** Source material follows **

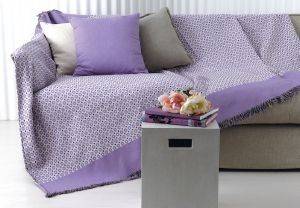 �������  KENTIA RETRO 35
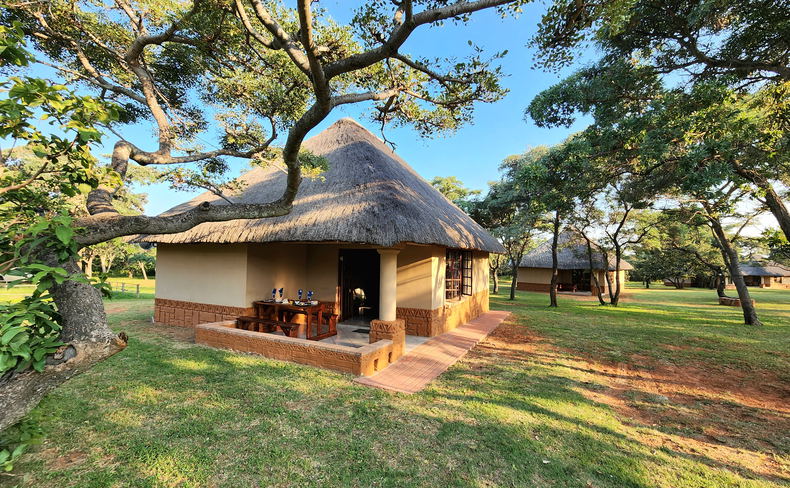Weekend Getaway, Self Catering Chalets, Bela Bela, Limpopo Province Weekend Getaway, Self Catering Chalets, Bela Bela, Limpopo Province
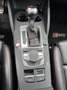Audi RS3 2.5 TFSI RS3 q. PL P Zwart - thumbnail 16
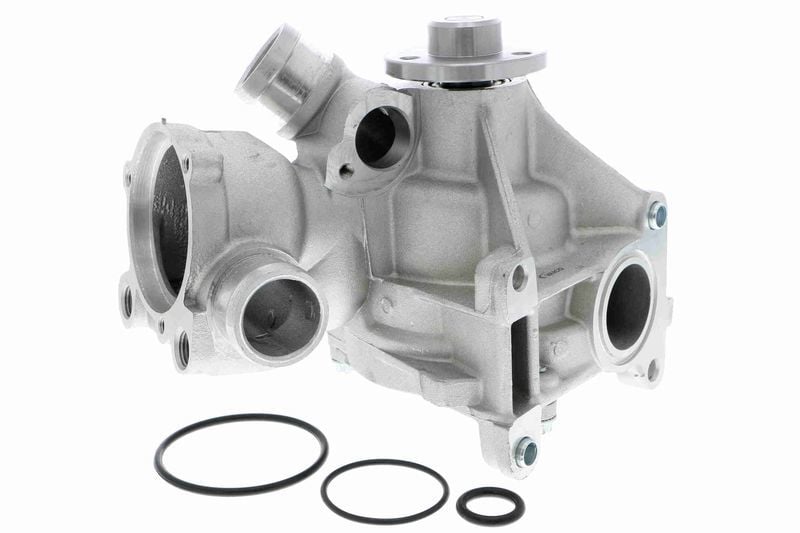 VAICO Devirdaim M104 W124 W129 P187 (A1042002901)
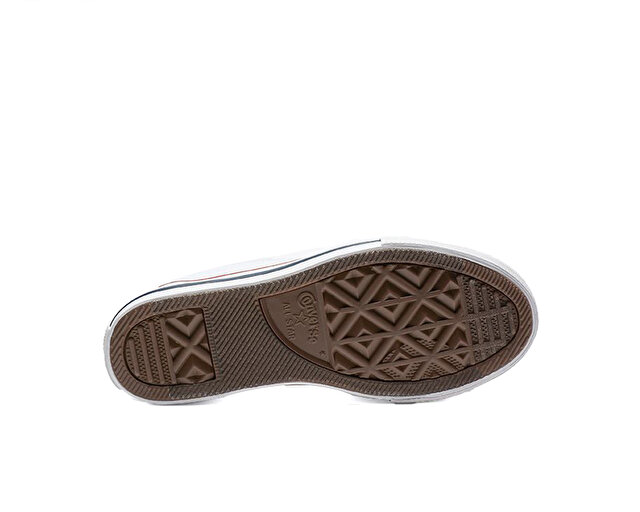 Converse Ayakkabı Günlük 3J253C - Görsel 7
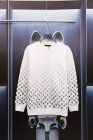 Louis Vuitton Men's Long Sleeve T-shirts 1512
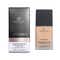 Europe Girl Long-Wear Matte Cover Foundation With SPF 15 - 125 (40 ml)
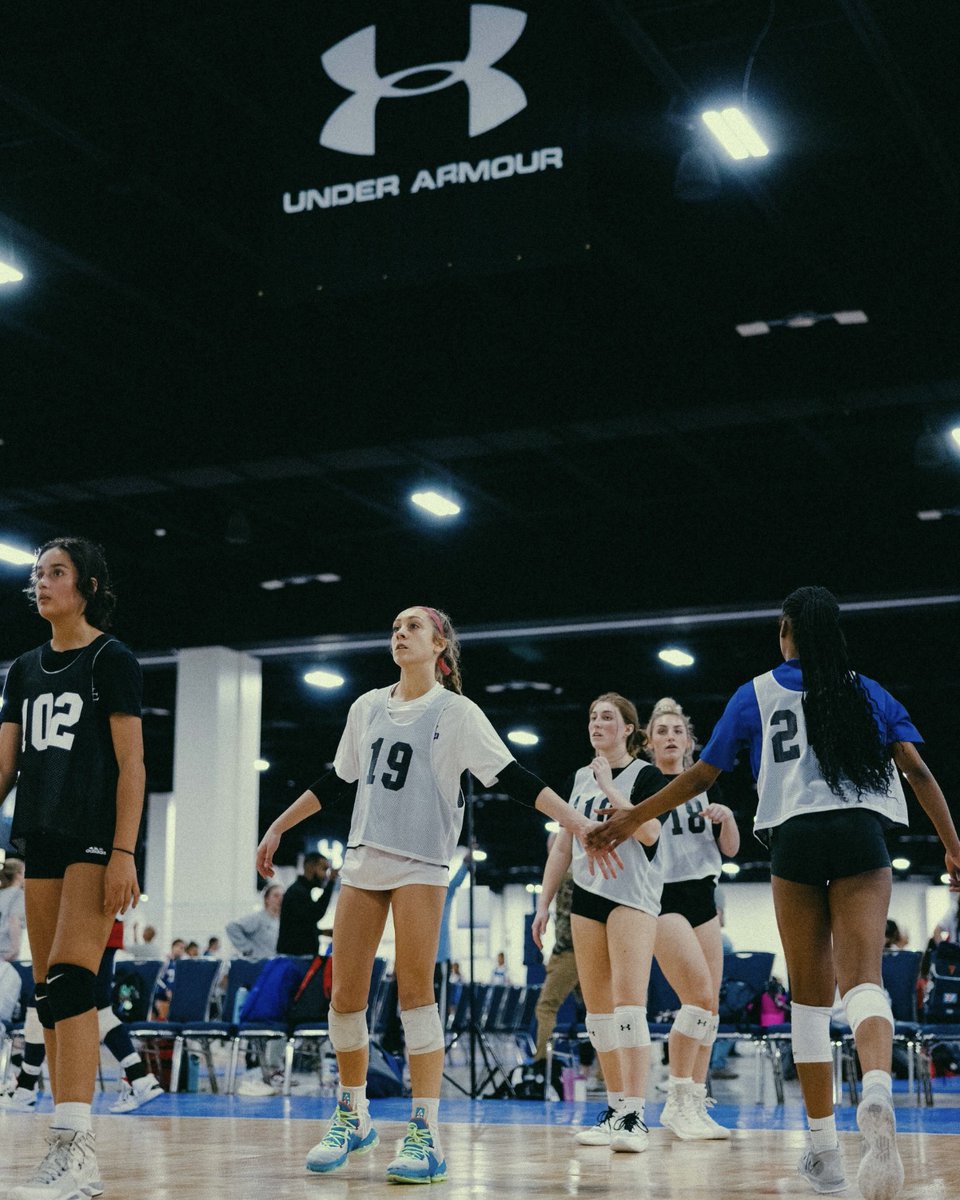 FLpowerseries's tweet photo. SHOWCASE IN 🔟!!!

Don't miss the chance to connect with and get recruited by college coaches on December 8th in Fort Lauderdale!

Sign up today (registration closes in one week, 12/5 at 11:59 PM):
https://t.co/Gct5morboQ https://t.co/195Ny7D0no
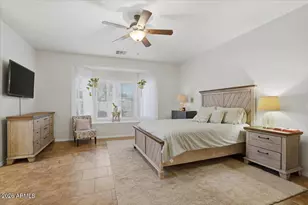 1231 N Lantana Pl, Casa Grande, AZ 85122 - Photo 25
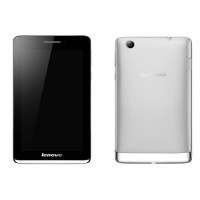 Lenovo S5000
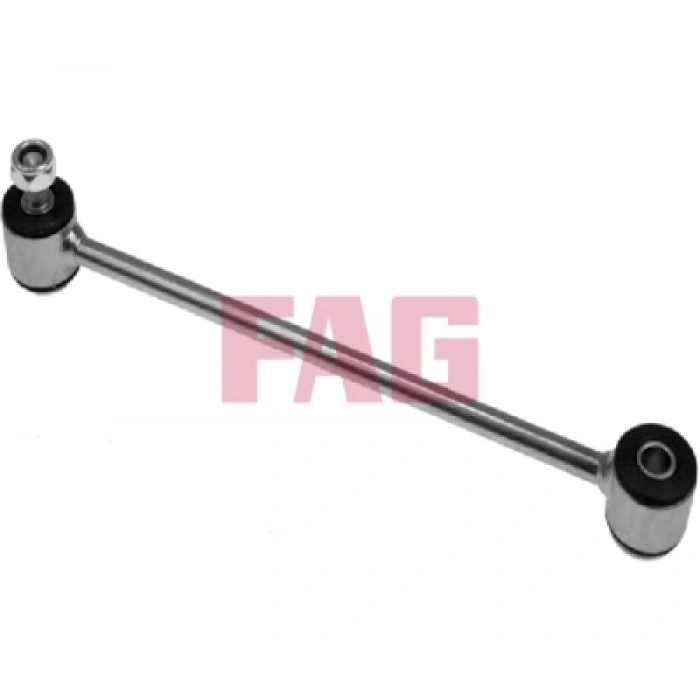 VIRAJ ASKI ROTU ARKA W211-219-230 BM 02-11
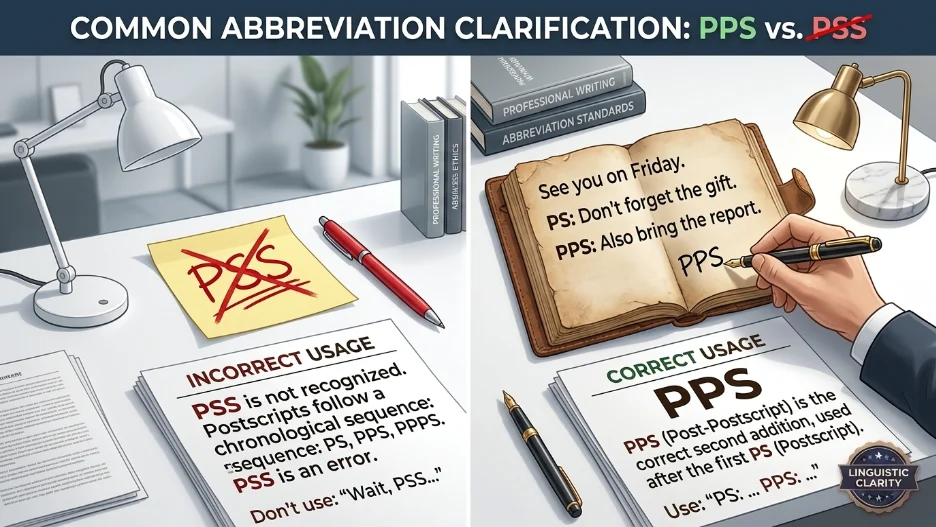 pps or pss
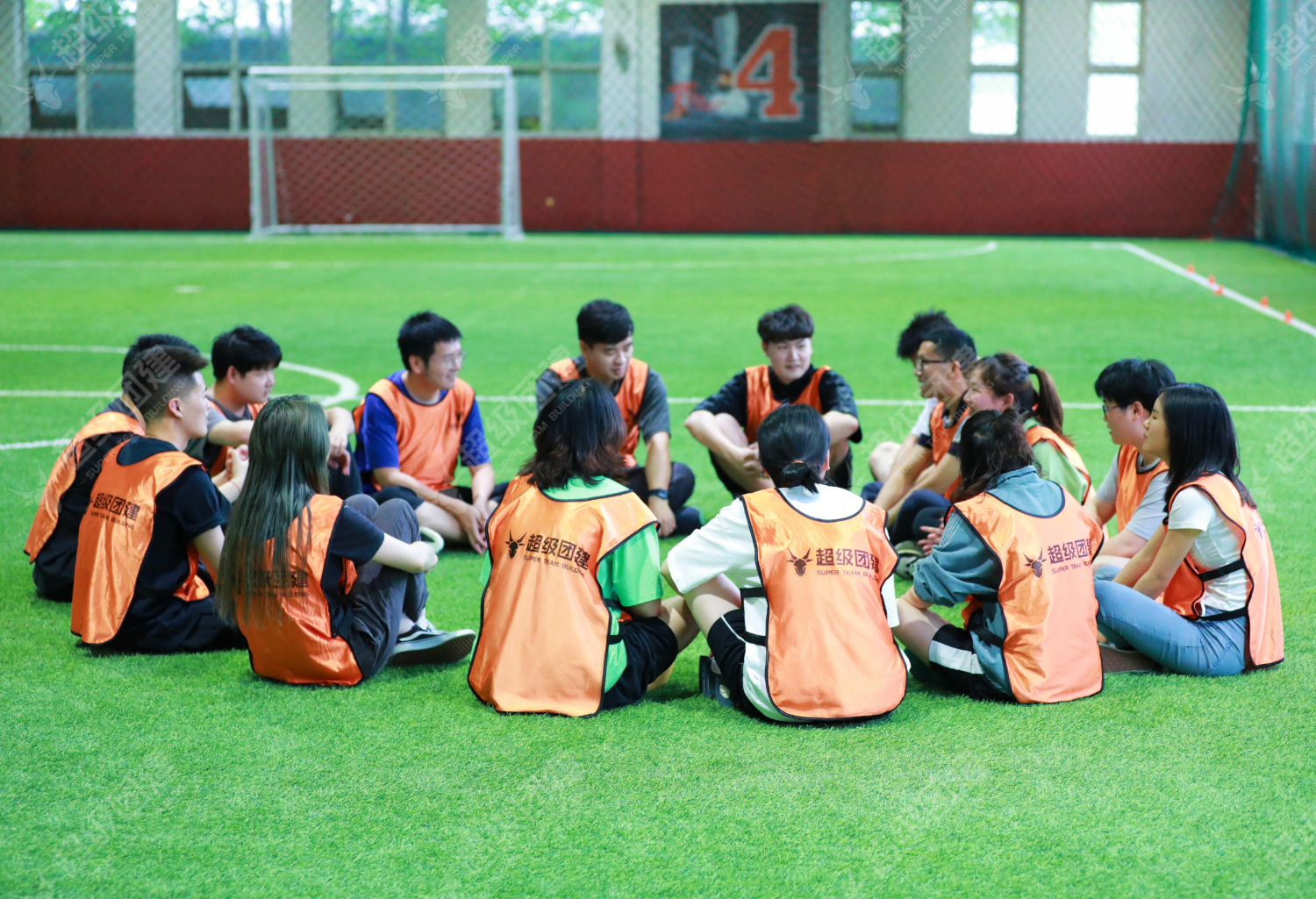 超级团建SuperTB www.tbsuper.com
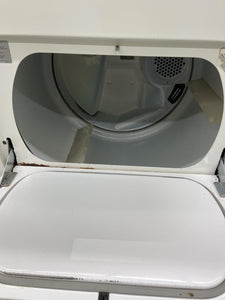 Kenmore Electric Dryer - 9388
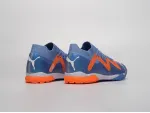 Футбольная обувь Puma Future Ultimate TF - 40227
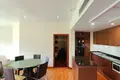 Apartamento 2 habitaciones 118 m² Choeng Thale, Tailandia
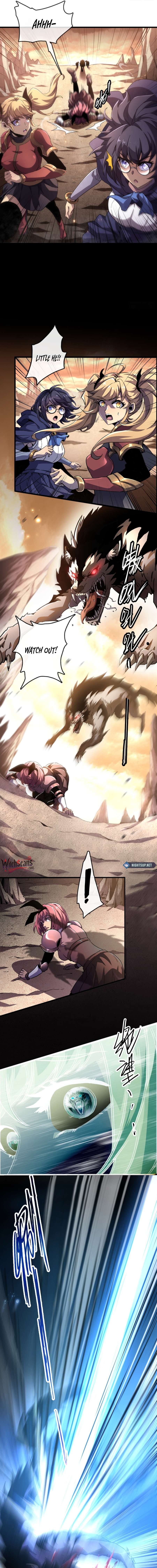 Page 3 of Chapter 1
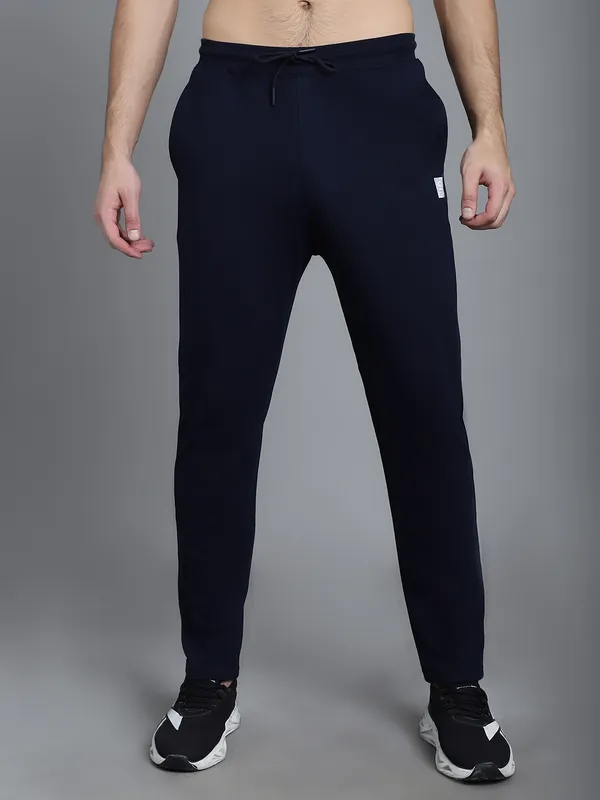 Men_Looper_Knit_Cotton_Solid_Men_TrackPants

** End of Source material **

_What you have to do_
All entries must be output unchanged, with every picture omitted.

_Response area_
 �������  KENTIA RETRO 35
Weekend Getaway, Self Catering Chalets, Bela Bela, Limpopo Province Weekend Getaway, Self Catering Chalets, Bela Bela, Limpopo Province
Audi RS3 2.5 TFSI RS3 q. PL P Zwart - thumbnail 16
 VAICO Devirdaim M104 W124 W129 P187 (A1042002901)
 Converse Ayakkabı Günlük 3J253C - Görsel 7
 Louis Vuitton Men's Long Sleeve T-shirts 1512
 Europe Girl Long-Wear Matte Cover Foundation With SPF 15 - 125 (40 ml)
 FLpowerseries's tweet photo. SHOWCASE IN 🔟!!!

Don't miss the chance to connect with and get recruited by college coaches on December 8th in Fort Lauderdale!

Sign up today (registration closes in one week, 12/5 at 11:59 PM):
https://t.co/Gct5morboQ https://t.co/195Ny7D0no
 1231 N Lantana Pl, Casa Grande, AZ 85122 - Photo 25
 Lenovo S5000
 VIRAJ ASKI ROTU ARKA W211-219-230 BM 02-11
 pps or pss
 超级团建SuperTB www.tbsuper.com
 Kenmore Electric Dryer - 9388
 Футбольная обувь Puma Future Ultimate TF - 40227
 Apartamento 2 habitaciones 118 m² Choeng Thale, Tailandia
 Page 3 of Chapter 1
 Men_Looper_Knit_Cotton_Solid_Men_TrackPants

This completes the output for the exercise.